NEWS FEATURE: Pope and Armenian Catholicos Hold Cordial Meeting

c. 2000 Religion News Service VATICAN CITY _ Pope John Paul II held a cordial meeting Thursday (Nov. 9) with the Armenian Catholicos Karekin II and pledged to “journey forward in friendship” toward healing a division that began with a theological dispute more than a millennium and a half ago. Karekin, who heads the Armenian […]

c. 2000 Religion News Service

VATICAN CITY _ Pope John Paul II held a cordial meeting Thursday (Nov. 9) with the Armenian Catholicos Karekin II and pledged to “journey forward in friendship” toward healing a division that began with a theological dispute more than a millennium and a half ago.

Karekin, who heads the Armenian Apostolic Church, invited the Roman Catholic pontiff to travel to his seat in Etchmiadzin in Armenia next year for celebrations of the 1,700th anniversary of the “baptism of Armenia” as history’s first Christian nation.
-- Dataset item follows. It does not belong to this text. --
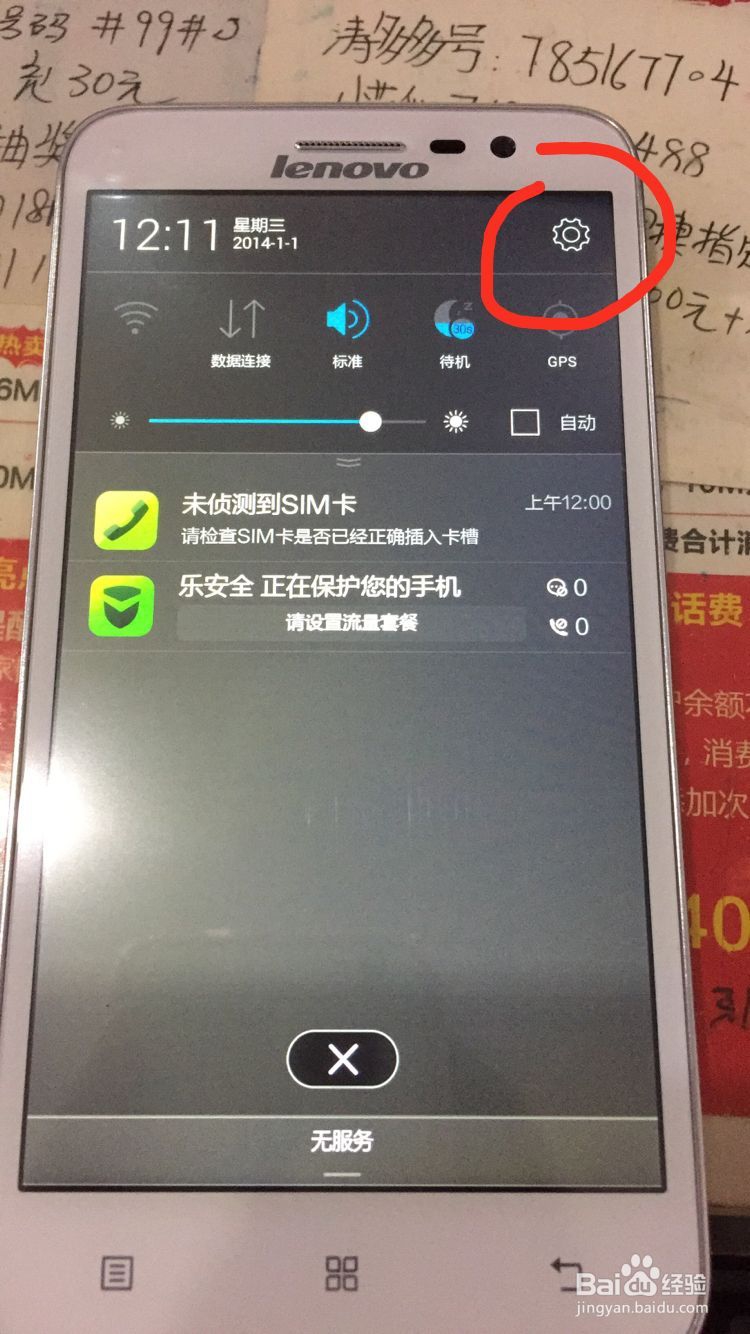 开发者选项在哪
During an ecumenical Mass in St. Peter’s Basilica on Friday (Nov. 10), John Paul will return to Karekin a venerated relic of the head of Gregory the Illuminator, the patron saint of Armenia. Along with the Apostles Bartholomew and Thaddeus, he evangelized Armenia, which made Christianity its state religion in the fourth century after Christ.

Meeting in the pope’s study overlooking St. Peter’s Square, the two prelates addressed each other warmly. Karekin greeted the pope as “dearly beloved brother in Christ” and John Paul responded by calling his visitor “dear and venerable brother.”
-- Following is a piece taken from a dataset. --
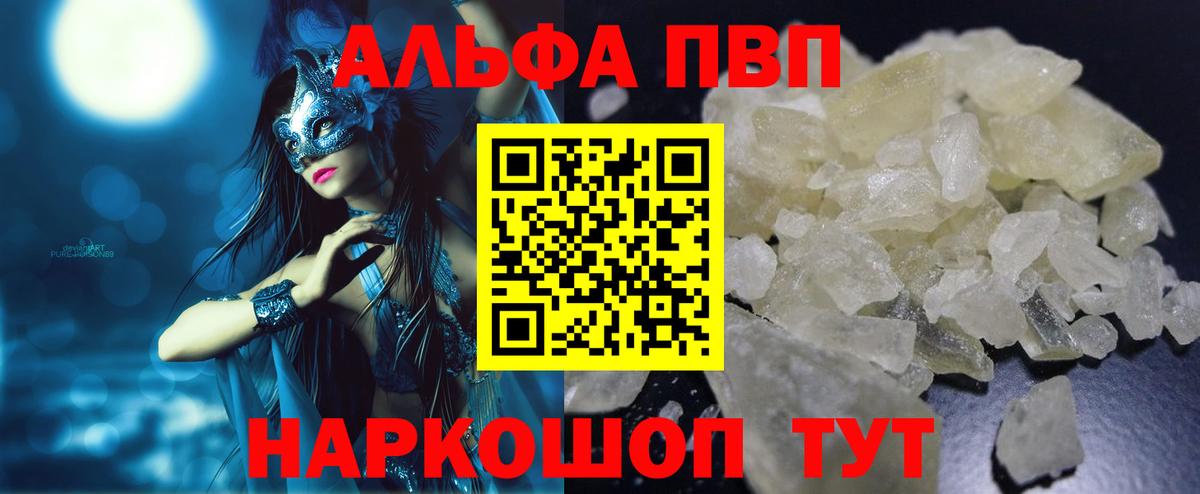 A PVP СК  Alfa_PVP СК  Alpha-PVP Crystall  что такое наркотик  Бузулук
“May the Lord save us from stumbling as we journey forward in friendship,” the pope said in his prepared remarks.

Speaking of the severe social and economic problems that the smallest of the ex-Soviet republics has faced since the collapse of communism, John Paul said that “on the cultural and religious level, there is still much to be done to fill the spiritual void left behind by a godless and collectivist ideology.”

“The hour of freedom has sounded, and now is the time for solidarity,” he said. “The Catholic Church wants to stand with the Apostolic Armenian Church, to support its spiritual and pastoral ministry to the Armenian people in complete respect for its way of life and characteristic identity.”

Karekin said he rejoiced that the call for “Christian brotherhood and unity” sounds from “the very center of the Roman Catholic Church, the Vatican, and from the very heart and soul of her most graceful pontiff.”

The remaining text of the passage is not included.